The iterative verification round-trip in one command:

cb verify "spawn_basic_shape Sphere at [420,69,180]" \
"blue sphere visible at world (420,69,180)" \
--frame Parity_AB_Sphere --view lit

Internally:

  1. Drains primary's queue
  2. Publishes verification.needed { tool_call, expected, framing }
  3. Block-polls primary's queue for verification.confirmed / verification.rejected
  4. Prints [CONFIRMED] or [REJECTED] followed by the watcher's plain-text observation

Exit code 0 on confirmed, 2 on rejected, 1 on timeout. Requires a watcher subscribed on session visual-watcher.

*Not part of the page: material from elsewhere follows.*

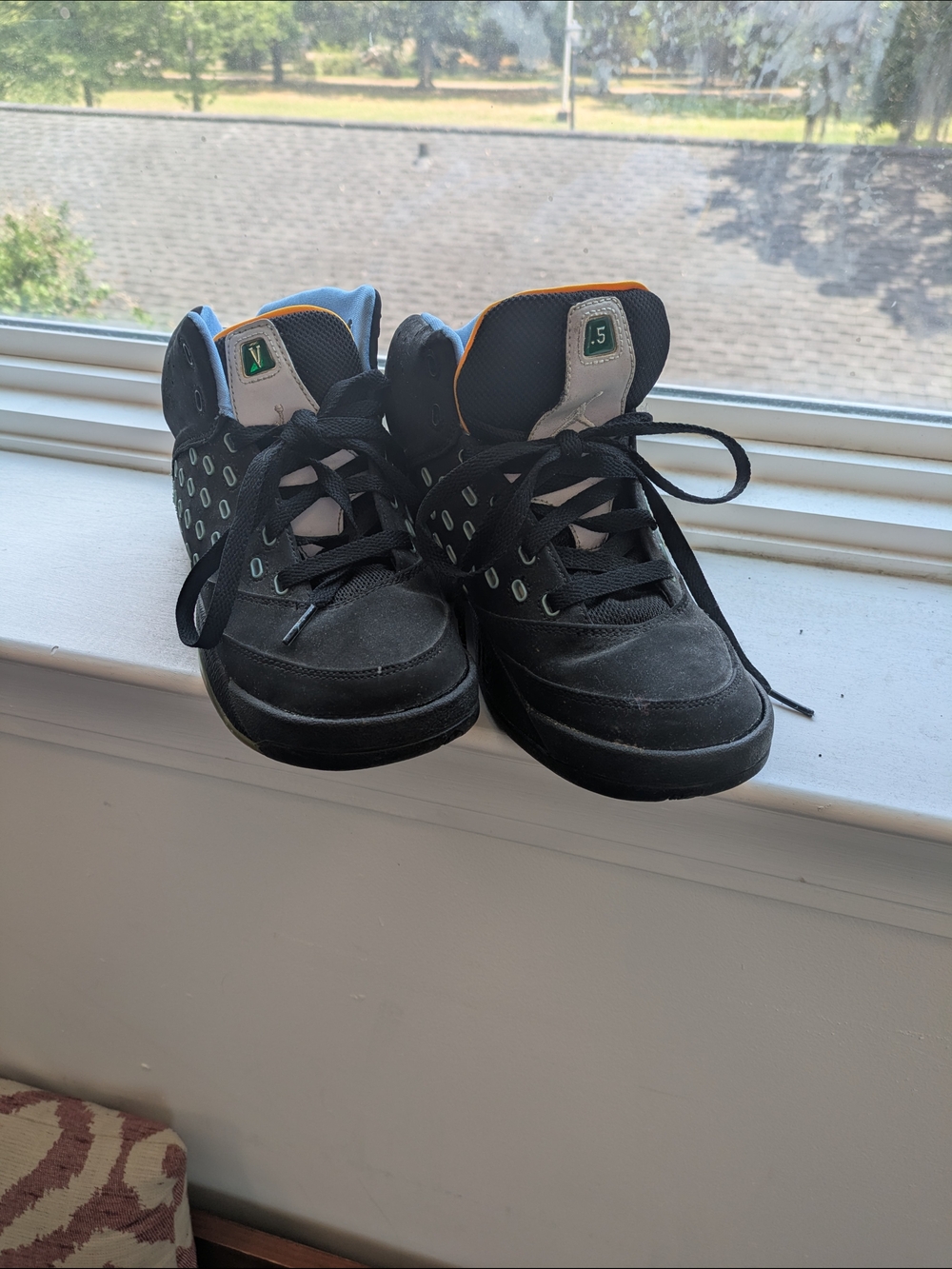 Jordan Melo 5.5 Black University Blue Taxi Youth Size 6.5Y Sneakers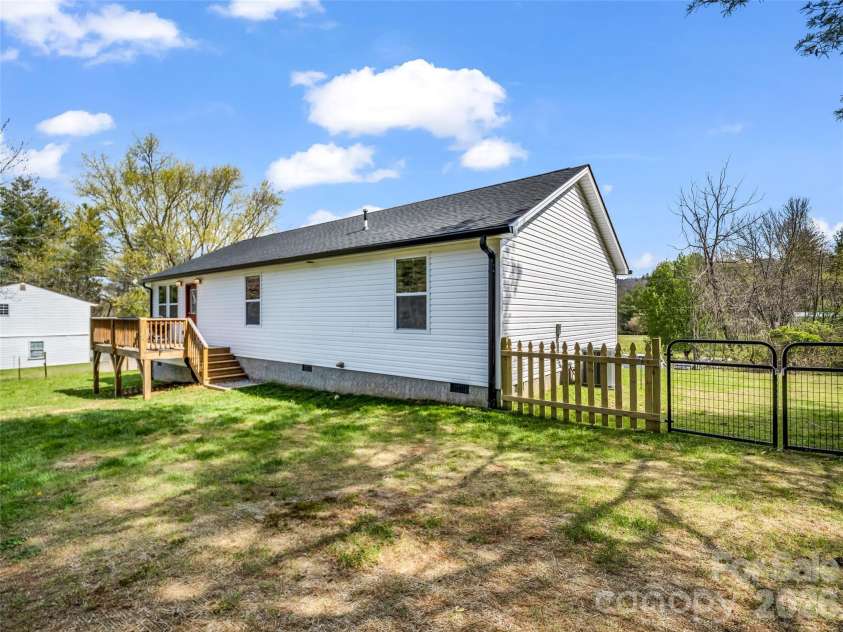 29 Kanes Drive, Hendersonville, NC 28739.  MLS# CAR4366222, YatesRealty ID 9007.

cb pub <channel> <json_payload>

publish_agent_event with sane defaults (from = primary).

cb pub screenshot.request '{"reason":"see what is selected in the outliner"}'
cb pub delegate.material '{"action":"recompile"}' --target visual-watcher

--target SESSION for targeted delivery; omit for broadcast (excludes the sender).

cb poll <session> [channel] [--timeout 60] [--clear|--no-clear]

Block until a matching event lands in <session>'s queue. Replaces the bash until grep ...; do sleep N; done regex loop pattern.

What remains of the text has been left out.